França: o impulso das lutas dos trabalhadores

A multidão de três milhões e meio de manifestantes que mais uma vez convulsionou as cidades francesas nos últimos dias […]

A multidão de três milhões e meio de manifestantes que mais uma vez convulsionou as cidades francesas nos últimos dias confirma a impetuosidade das lutas sociais nesse país, como reflexo da profunda crise do sistema capitalista.

As greves e manifestações, que – nesta etapa – já duram uma semana, expõem a aguda percepção dos trabalhadores do que está em jogo com a reforma da Previdência que o presidente Nicolas Sarkozy quer impor.

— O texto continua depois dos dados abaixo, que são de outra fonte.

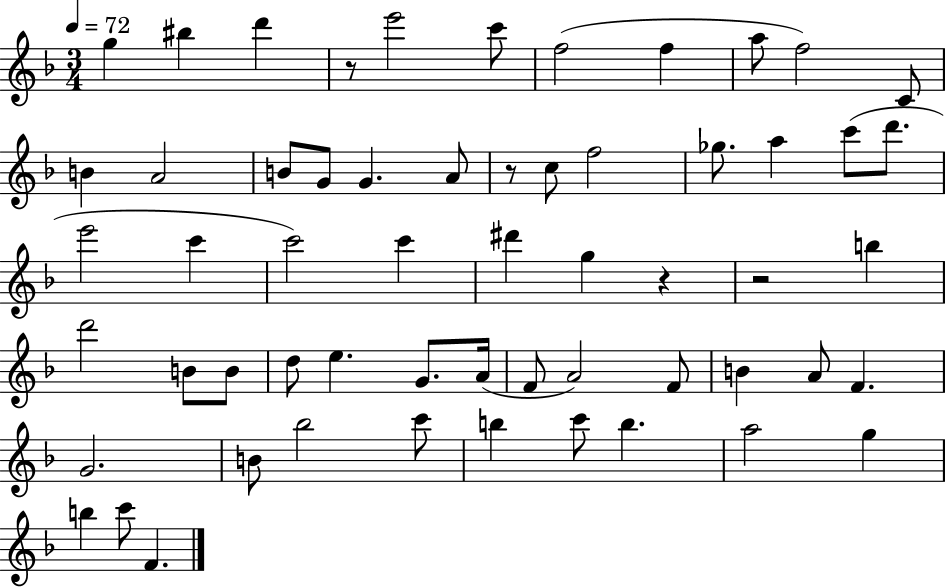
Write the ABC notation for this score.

X:1
T:Untitled
M:3/4
L:1/4
K:F
g ^b d' z/2 e'2 c'/2 f2 f a/2 f2 C/2 B A2 B/2 G/2 G A/2 z/2 c/2 f2 _g/2 a c'/2 d'/2 e'2 c' c'2 c' ^d' g z z2 b d'2 B/2 B/2 d/2 e G/2 A/4 F/2 A2 F/2 B A/2 F G2 B/2 _b2 c'/2 b c'/2 b a2 g b c'/2 F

"Ao diabo com a dívida pública. Não vamos dar nada a eles, não estamos nem aí com o seu AAA!", dizia um cartaz, expondo as entranhas do problema ao se referir à nota máxima das agências de avaliação de crédito que, para continuar considerando o governo confiável, exigem o controle das despesas públicas.

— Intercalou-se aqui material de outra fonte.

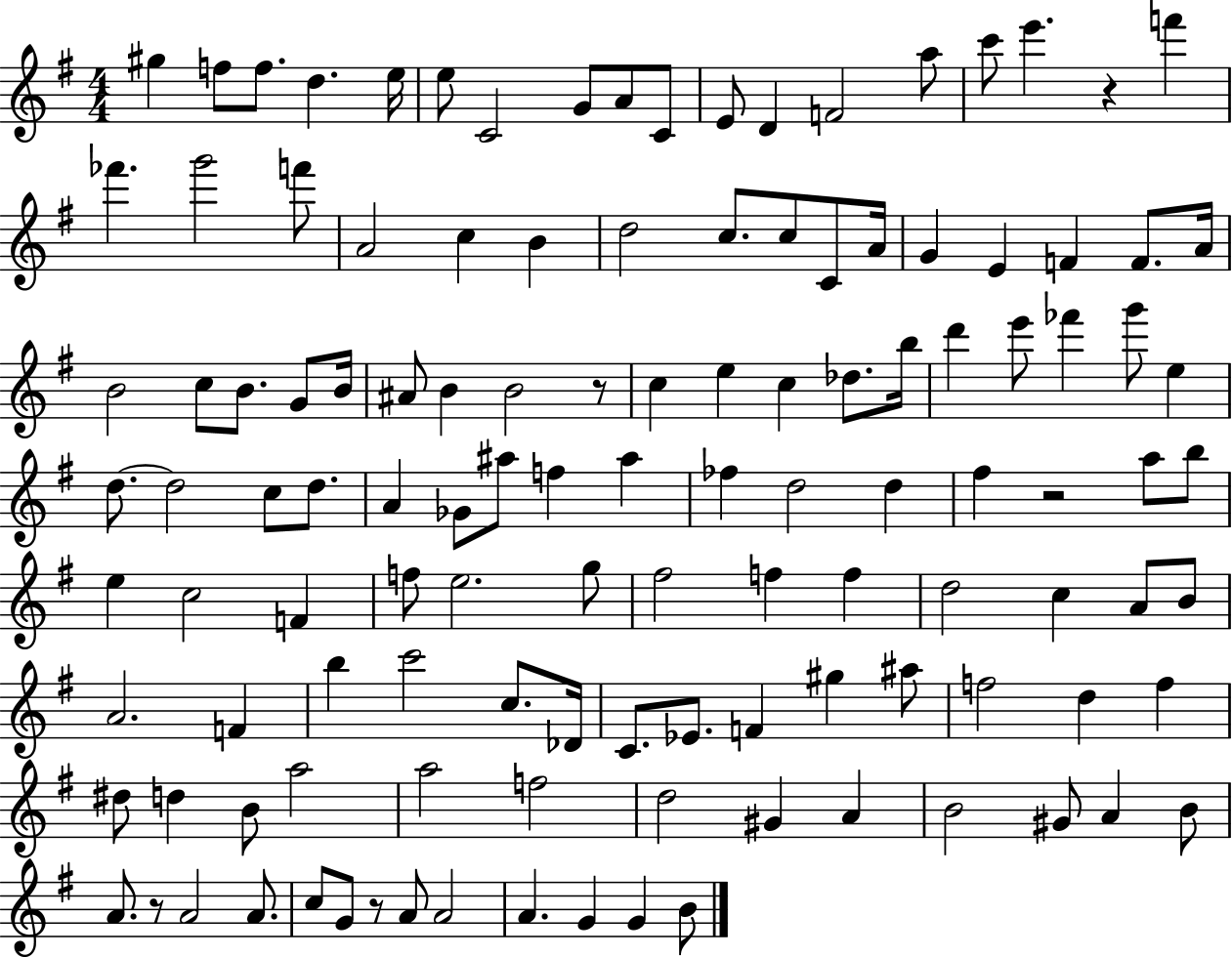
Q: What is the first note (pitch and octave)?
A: G#5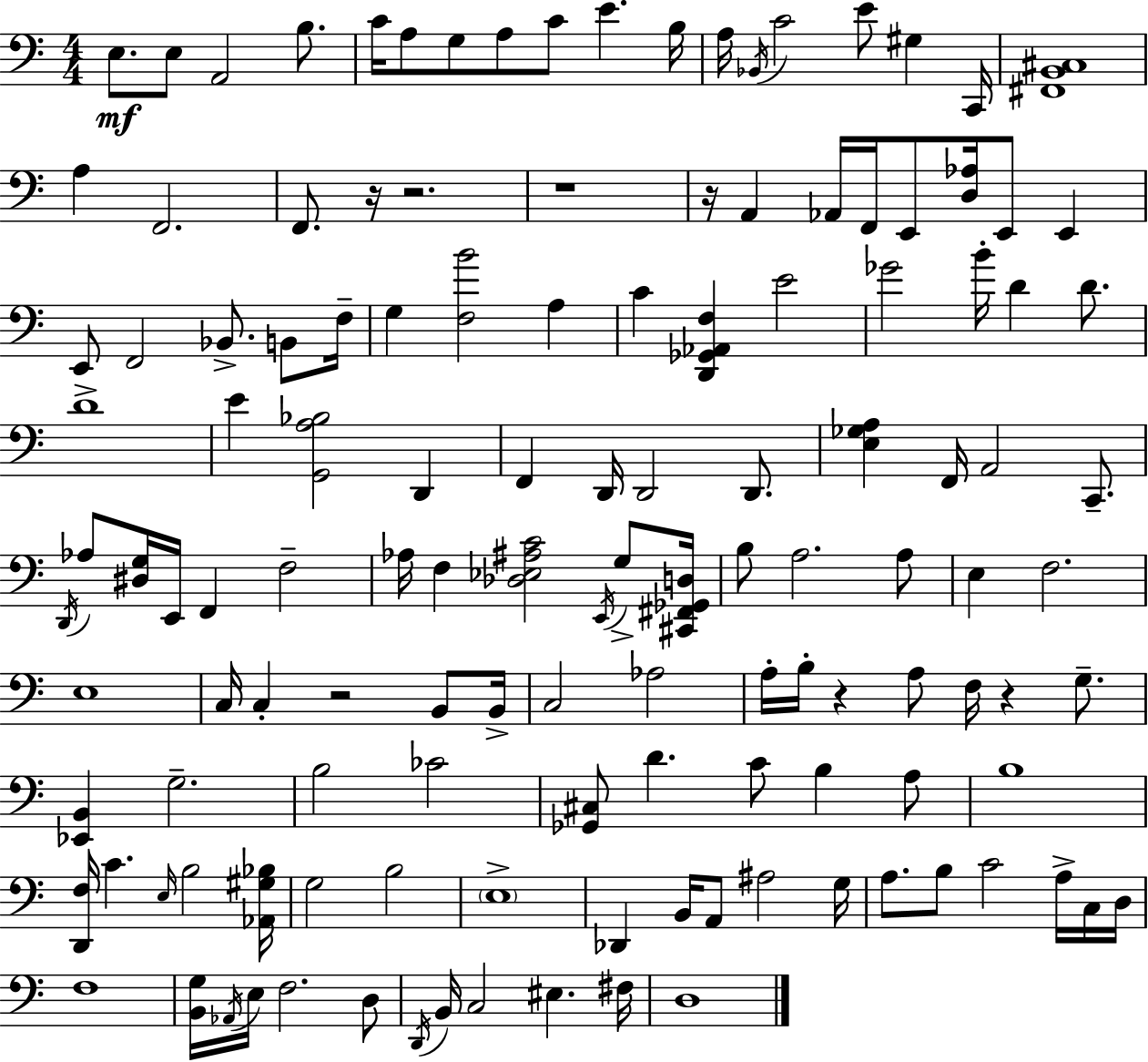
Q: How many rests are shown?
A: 7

Os protestos cresceram, levando o país a um impasse, cuja questão de fundo é a divisão entre os grandes capitalistas e os trabalhadores dos ganhos de produtividade alcançados pelo avanço tecnológico.

As ações se desdobraram pelas cidades francesas, com passeatas, bloqueio a aeroportos, refinarias de petróleo e ao porto de Marselha, colapso do abastecimento de combustíveis, redução dos serviços de transportes e lutas de rua. Num quadro de profunda confusão política e de enorme insatisfação com um governo direitista com viés personalista e autoritário, não faltaram também ações que nem sempre se coadunam com o verdadeiro caráter dos protestos. Intrínseca e moralmente fraco, o governo tem atacado duramente os manifestantes, com a violência policial.

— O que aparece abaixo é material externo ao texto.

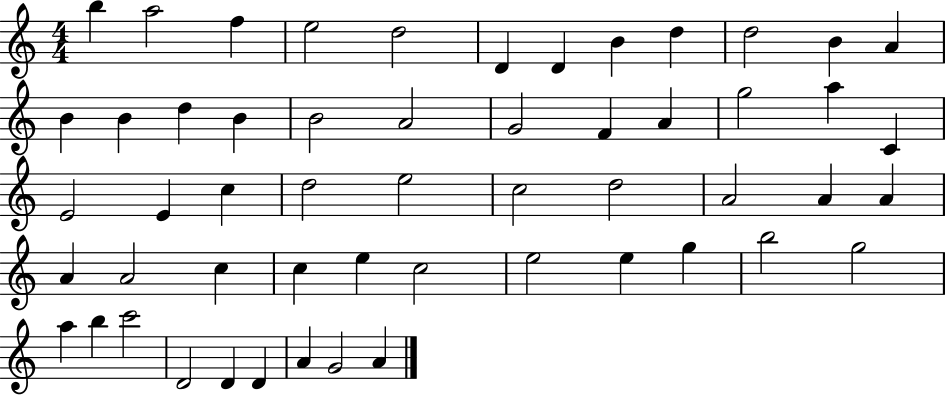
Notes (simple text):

B5/q A5/h F5/q E5/h D5/h D4/q D4/q B4/q D5/q D5/h B4/q A4/q B4/q B4/q D5/q B4/q B4/h A4/h G4/h F4/q A4/q G5/h A5/q C4/q E4/h E4/q C5/q D5/h E5/h C5/h D5/h A4/h A4/q A4/q A4/q A4/h C5/q C5/q E5/q C5/h E5/h E5/q G5/q B5/h G5/h A5/q B5/q C6/h D4/h D4/q D4/q A4/q G4/h A4/q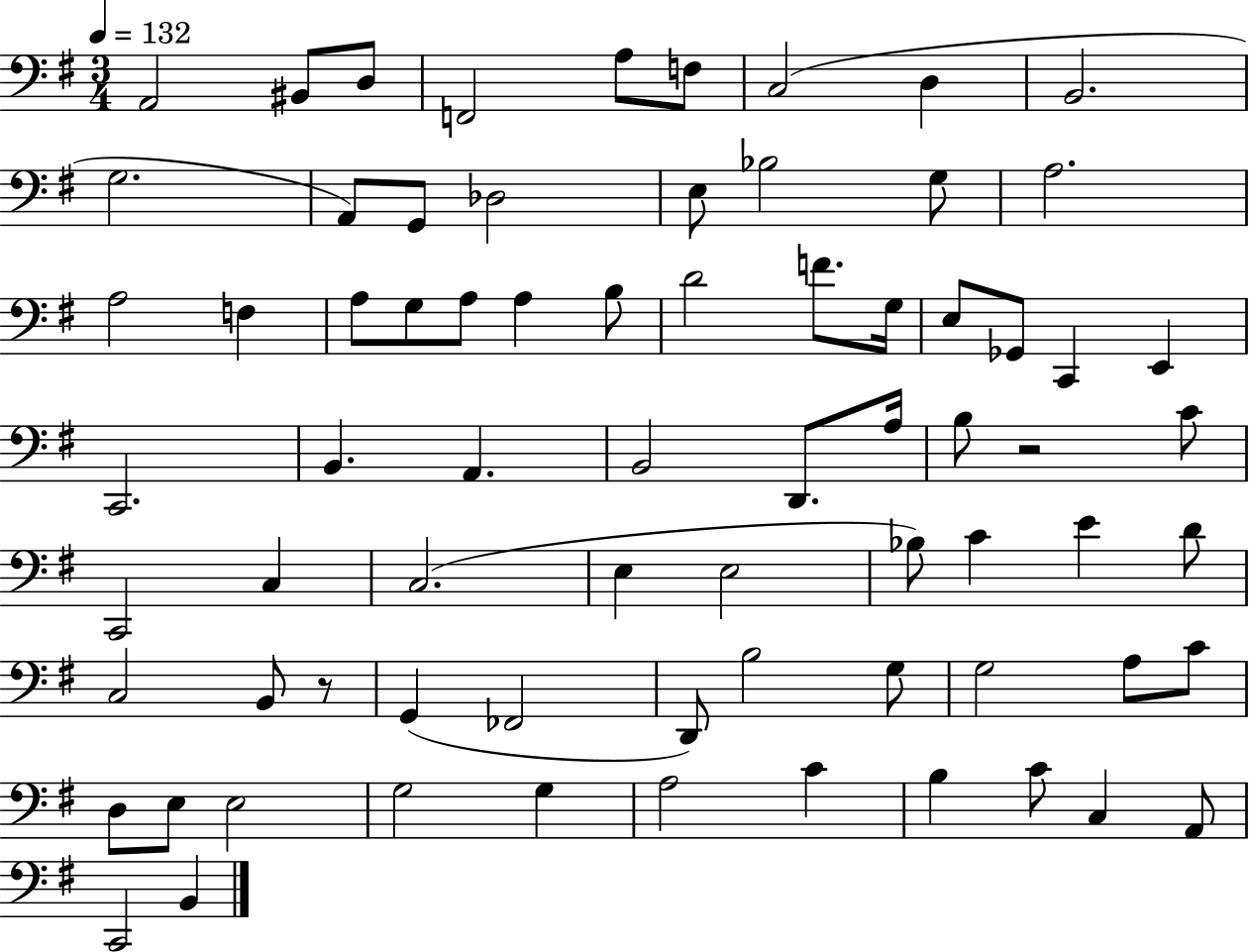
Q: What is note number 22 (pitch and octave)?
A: A3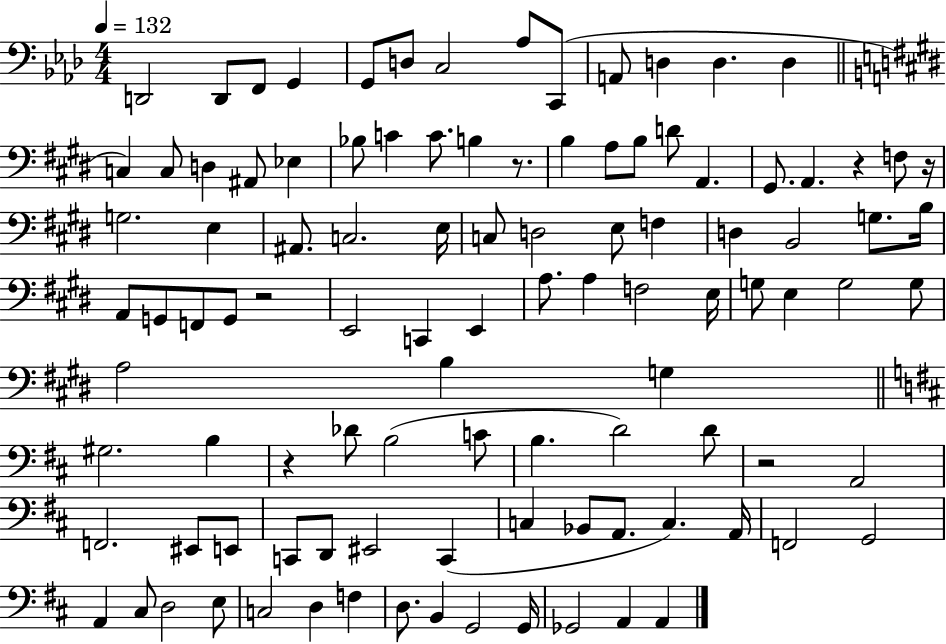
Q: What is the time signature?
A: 4/4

As greves e manifestações de rua são comandadas pelas centrais sindicais e, desde o dia 18, também por entidades estudantis, fazendo-se notar o protagonismo dos sujeitos da luta de classes, que os neoliberais julgavam extinta: os trabalhadores, entre eles petroleiros, aeroportuários, aeroviários, ferroviários, professores, carteiros e vigilantes responsáveis por abastecer caixas eletrônicos, que não aceitam pagar as contas da tentativa governamental de conter o déficit público, hoje de mais de 7% do PIB. Dogmático na interpretação da realidade e aplicação inflexível dos princípios neoliberais, o governo associa o déficit público aos gastos com a Previdência.

Na verdade,o o déficit público chegou a esse elevado patamar devido ao “socorro” do Estado aos bancos que entraram em bancarrota com a crise financeira.

A adesão dos estudantes fortaleceu a luta e fez ressurgir o fantasma que, desde 1968, parecia exorcizado, mas que volta a espantar o stablishment: a ação unificada dos trabalhadores e da juventude. Todos de mãos dadas contra o ataque do governo aos direitos sociais: o projeto de Sarkozy, de elevar a idade mínima para a aposentadoria de 60 para 62 anos e de 65 para 67 anos no caso de aposentadoria integral, é com razão encarado como o primeiro ato de uma investida mais ampla contra as conquistas dos trabalhadores, como férias, limites às demissões, sistema público de saúde, etc.

Os conservadores que apoiam a reforma de Sarkozy justificam a perda de direitos alegando o aumento da expectativa de vida. Uma vida mais longa impõe a aposentadoria mais tarde, dizem eles.

Num país avançado como a França (da mesma forma como nas demais nações de capitalismo desenvolvido) este argumento esconde uma realidade à qual os capitalistas preferem não se referir: o aumento da produtividade do trabalho alcançado com as mudanças tecnológicas. Este é o pano de fundo do debate: para o capital, este aumento significa maiores, sacrossantos e imexíveis lucros; para os trabalhadores, ele é a perspectiva de mais tempo livre.

Neste sentido, o chamado déficit público é o nome “técnico” da transferência – intermediada pelos governos conservadores – destes ganhos de produtividade para o grande capital. Daí a lógica aparentemente implacável: as pessoas vivem mais e por isso precisam trabalhar mais. Isto é, dedicar uma parcela maior de suas vidas à valorização do capital.

O que está em jogo é a extensão desta subordinação ao capital, medida não apenas pela duração da jornada diária de trabalho mas principalmente pela duração do trabalho de uma vida inteira. Esta é uma das contradições fundamentais do modo de produção capitalista e é ela que está sendo repudiada nas ruas das cidades francesas.